Ominous Official Portrait of King Charles Panned as Banal at Best, Satanic at Worst

King Charles III Portrait, Royal Family
Royal Family, X

The first official portrait of King Charles III since his ascension to the British Throne, a swirling psychedelic red interpretation of the Monarch in his military uniform, has been widely criticised by the public and critics alike.

Falling in line with his longtime ambition to update the Monarchy and drag the British Royal Family into the 21st Century, the first official portrait of the King — painted by UK artist Jonathan Yeo — broke with traditional portraits in deploying postmodern elements while giving a nod to the King’s previous environmental activism.

The 8.5ft by 6.5ft portrait sees the King, sword in hand, dressed in the uniform of the Welsh Guards, for whom he was appointed as Regimental Colonel in 1975. The painting shrouds the British monarch in an abstract cloud of “vivid” red paint while a butterfly hangs above his right shoulder.

Yeo explained that the decision to include the butterfly was inspired by Charles’ passion for the green agenda, which “he has championed most of his life and certainly long before they became a mainstream conversation”.

The artist said that it also symbolised “metamorphosis”, with work on the portrait beginning before Charles ascended to the throne and being completed after he became King.

“When I started this project, His Majesty The King was still His Royal Highness The Prince of Wales and much like the butterfly I’ve painted hovering over his shoulder, this portrait has evolved as the subject’s role in our public life has transformed,” Yeo said.

“In this case, my aim was also to make reference to the traditions of royal portraiture but in a way that reflects a 21st-century monarchy and, above all else, to communicate the subject’s deep humanity.

“I’m unimaginably grateful for the opportunity to capture such an extraordinary and unique person, especially at the historic moment of becoming King.”

The portrait was praised by the now-Queen, who alongside Prince Phillip, was also previously a subject of a Yeo portrait.

“Yes, you’ve got him,” Queen Camilla reportedly remarked to the artist at the unveiling, according to the BBC.

However, users on social media were not as impressed with the painting, with many claiming that the red cloud surrounding the King seemed Satanic or hellish. Others have claimed that mirroring the portrait side by side appears to show the outline of Baphomet.

Others were critical of the modernist portrait for failing to capture the essence of the King, with British art critic Jonathan Jones giving the painting one star in a review for the left-wing Guardian newspaper.

“There’s no insight into the king’s personality here, just a weird allegory about a monarch butterfly that Yeo says is a symbol of his metamorphosis from prince to king,” Jones wrote.

“A serious portrait would look hard and long at Charles (or anyone), not combine facile pseudo-portraiture with the cheery serotonin of random colour. We all know the king is more complex than this. The king knows he is more complex than this.
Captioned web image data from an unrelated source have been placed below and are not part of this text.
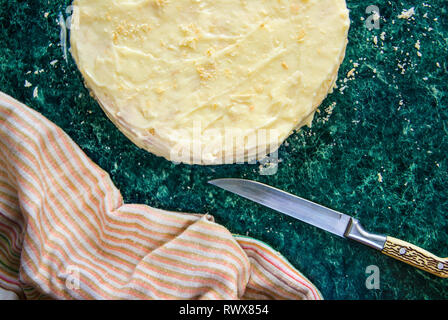 Gâteau rond Napoléon en couches avec de la crème anglaise et saupoudré de miettes, couteau, serviette et mixer sur une table de marbre vert, vue du dessus. Le processus de cuisson, reci Banque D'Images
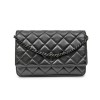CHANEL 'Wallet on chain' bag in black quilted smooth leather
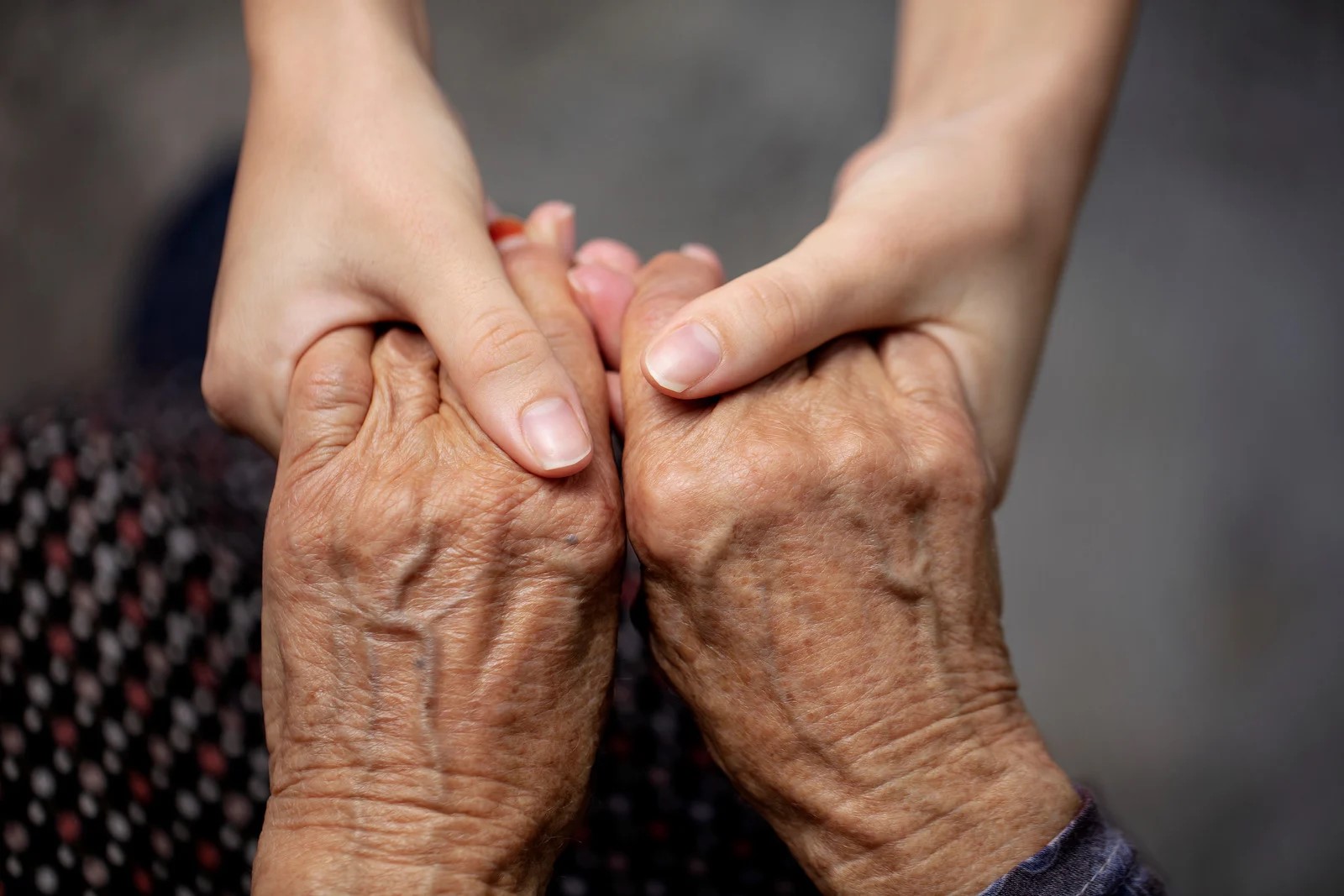 Elderly Care Holding Hands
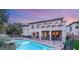 Backyard pool area with a safety fence and mature landscaping at 10412 Mansion Hills Ave, Las Vegas, NV 89144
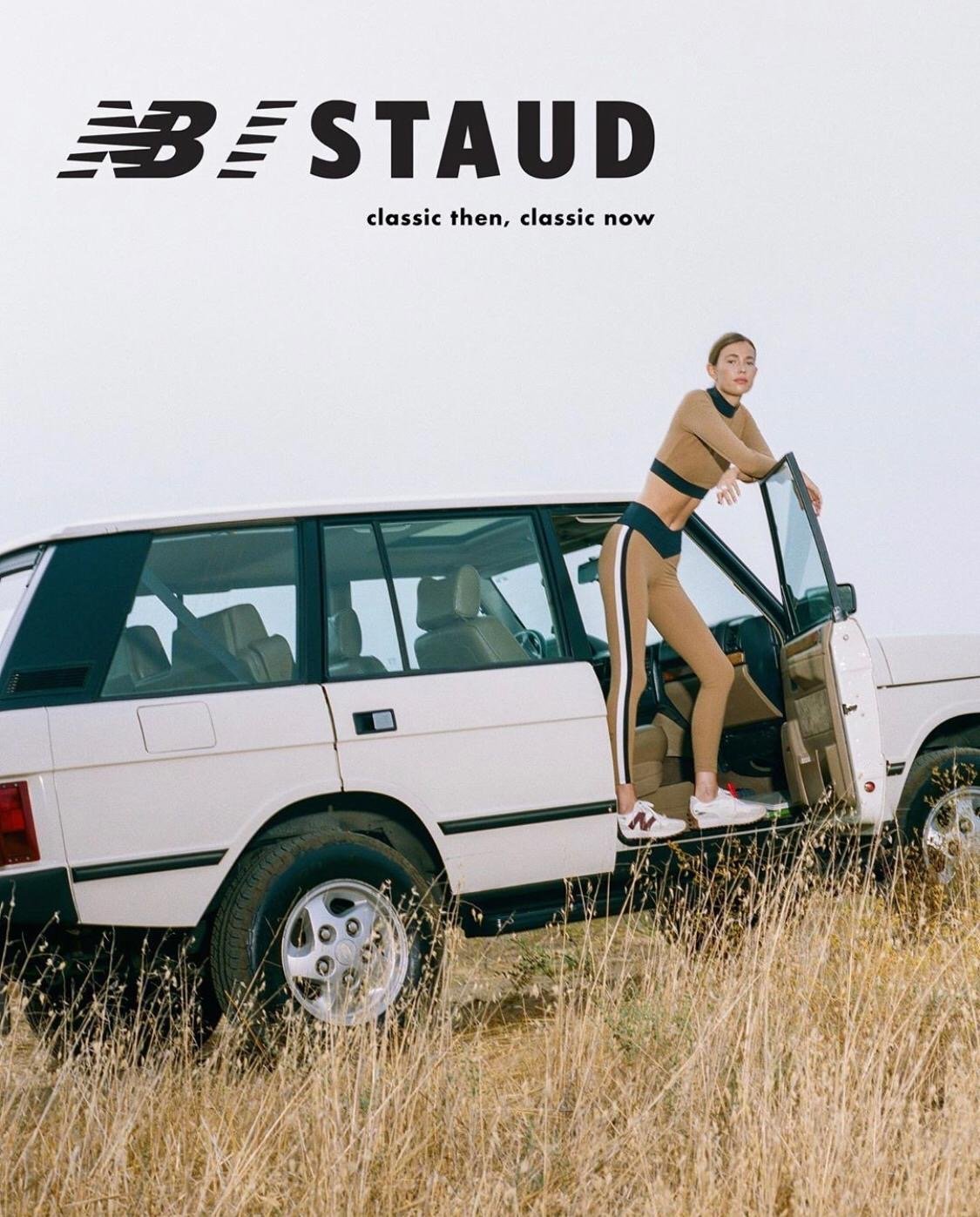 An adult woman in athleisure wear standing by an open SUV door on a grassy field against a bright sky with brand logos overhead.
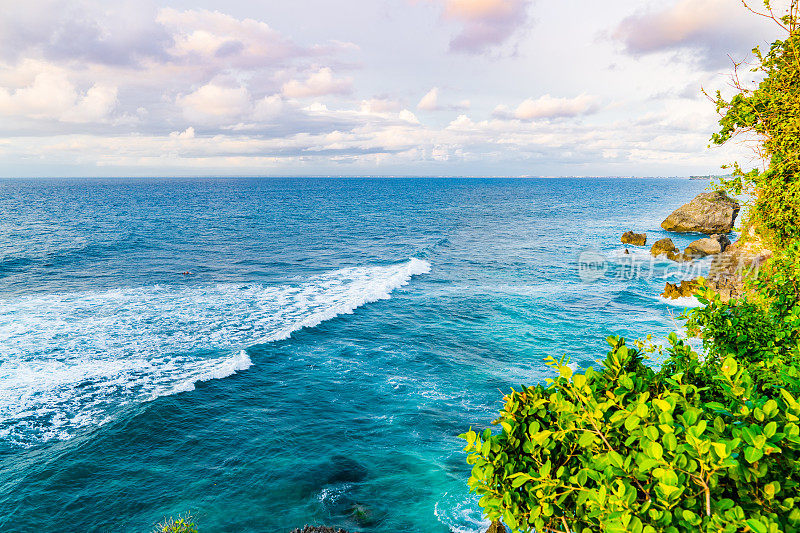 Uluwatu巴厘岛。蓝色的海洋和岩石山，覆盖着热带树木。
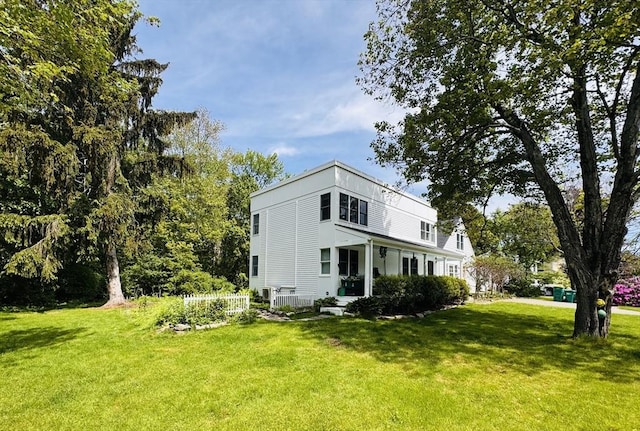 84 Walden Ter, Concord, MA 01742 - view of home's exterior with a yard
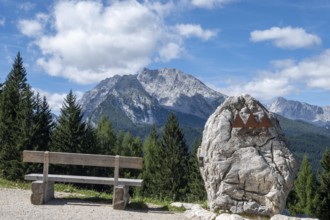 Bench and symbol of the Berchtesgaden National Park on its border, with the Watzmann in the
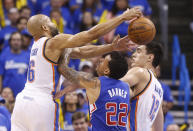 Oklahoma City Thunder guard Derek Fisher (6) reaches for a rebound over Los Angeles Clippers forward Matt Barnes (22) in the fourth quarter of Game 2 of the Western Conference semifinal NBA basketball playoff series in Oklahoma City, Wednesday, May 7, 2014. Oklahoma City won 112-101. Thunder center Steven Adams (12) is at right. (AP Photo/Sue Ogrocki)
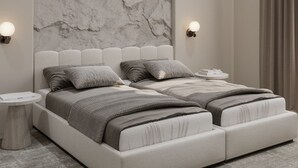 A modern bedroom with a marble headboard, two beds, bedside tables, and an air conditioning unit. - Dastan Baku Hotel (Baku)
It is a masterpiece of shallowness by an artist so ludicrously upbeat he should be called Jonathan Yo!” he quipped.

Yeo previously claimed headlines after creating a collage of cut-up pornographic magazines to create a pseudo-portrait of then-President George W. Bush in order to display the “assumed moral superiority of the extreme right in American politics.”

The portrait will be free for the public to view at the Philip Mould Gallery in London from May 16 to June 14 and then be put on display at Drapers’ Hall at the end of August.